Curtis was even better in the classroom, earning several academic honors.
She graduated in 2000 with a degree in special education. She was a four-year starter on the volleyball team, a three-time selection on the Big South Conference all-academic team and earned Big South scholar athlete of the year in 1999.
"Cristi always pushed herself and took on a challenge. She was taking 20 hours and still practiced and played matches. She never complained or looked for excuses. I always looked up to her for that," McGee said.
Curtis ranks in the top 10 on several career and single-season school lists. She is second in career assists, sixth in career digs, and fourth in career service aces.

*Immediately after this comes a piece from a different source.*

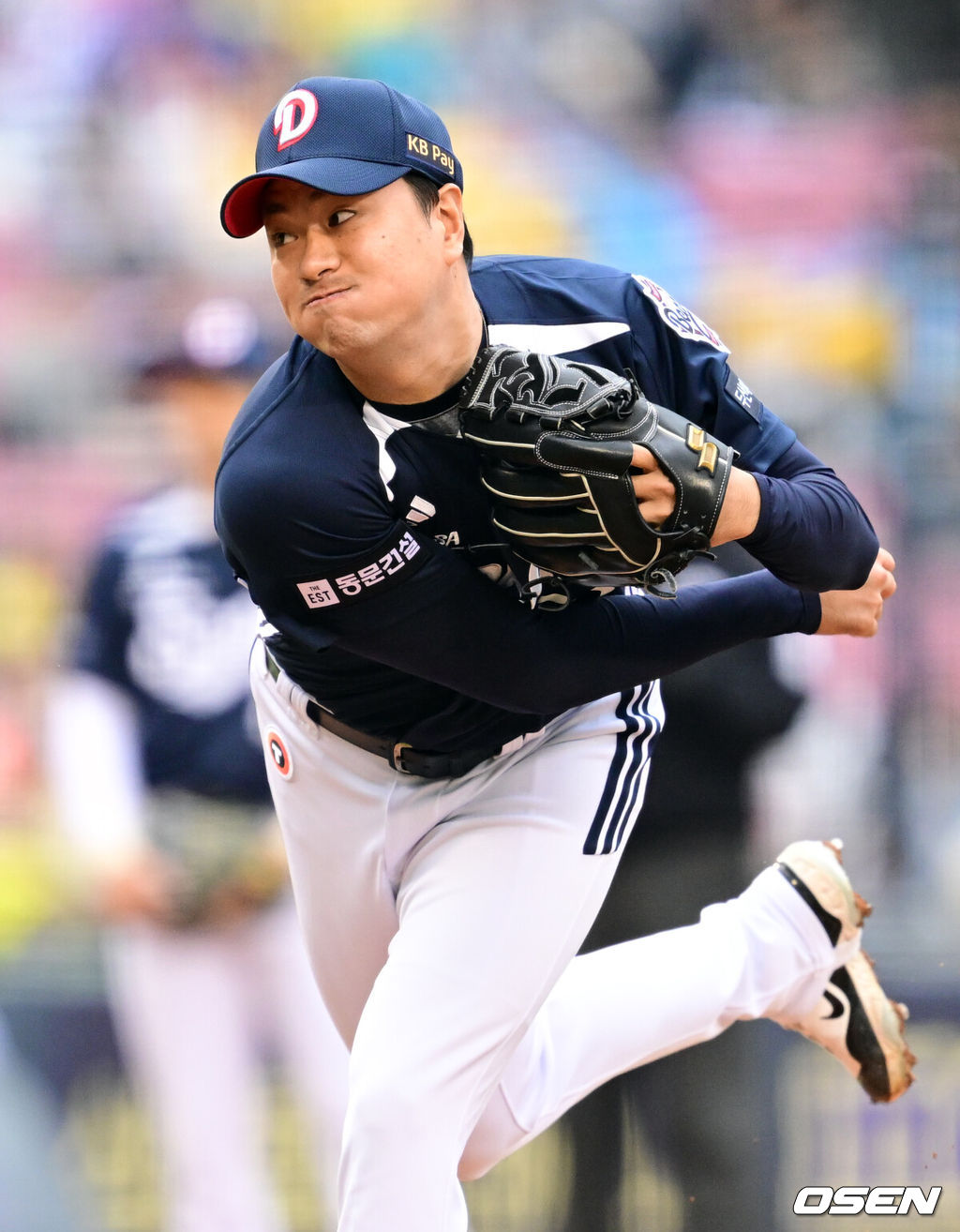 12일 오후 서울 송파구 잠실야구장에서 ‘2025 신한 SOL Bank KBO리그’ LG 트윈스와 두산 베어스의 경기가 열린다.홈팀 LG는 치리노스, 방문팀 두산은 김유성을 선발로 내세웠다.4회말 두산 이영하가 역투하고 있다. 2025.04.12 /cej@osen.co.kr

She was selected to the All-Big South Conference second team in 1999 and also was named to the 1999 Big South all-tournament team.
Curtis went on to become a high school volleyball coach in Michigan before her untimely death in 2007. At the age of 29 she was shot and killed in her western Michigan home by her estranged boyfriend in an apparent murder-suicide on July 19, 2007.

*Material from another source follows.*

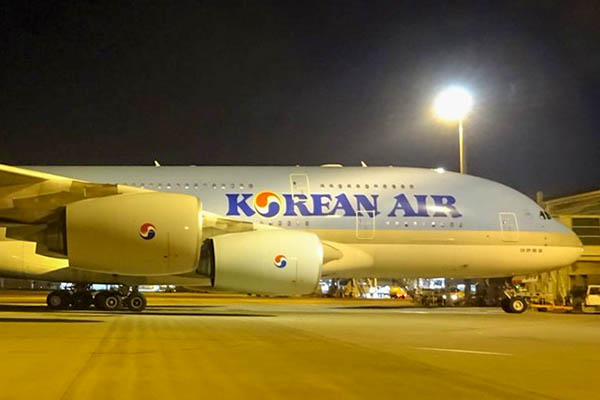 デカすぎて圧巻」 中部空港に大韓航空の巨大機「A380」が初飛来… なぜ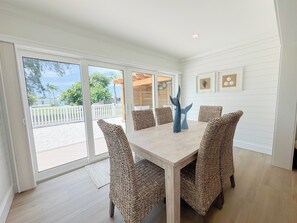 Dining - NEW - The Salty Palm - nearby beach, shops, food! (Holmes Beach)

She had been named volleyball coach at nearby Aquinas College three weeks prior to her death.
The heartbreaking responsibility of communicating news of Curtis' death to former teammates fell on Westhouse, who enlisted the help of Ivester.
"I called a lot of people and we all stayed together in my small condo and with my parents," Westhouse said. "We laughed a lot and cried a lot. (Curtis) would have hated being the center of attention. She always flew under the radar. It was kind of impossible, though; she was such an exceptional person."
McGee remembers getting the call.
"I knew it had something to do with Cristi and had an instant feeling it was bad. I was driving and had to pull over," McGee said, then went quiet while she regained her cracking voice. "It still hurts."
Cooke got the news from Winthrop assistant athletic director for media relations Jack Frost.
"I was in Toronto recruiting for softball. I didn't know what to do. We drove back to Rock Hill. I was devastated when I heard the news," Cooke said.
"She was dynamic kid. I had two young sons at the time and when they showed up at practice she made them feel the center of attention. It made no difference who it was. That was her personality. It was just hard. It's still hard. She just made herself a part of everyone. I am just truly happy she is going into the Hall. This is a true honor for her. You just can't help but think about all the joy and laughter she brought into your life," he added.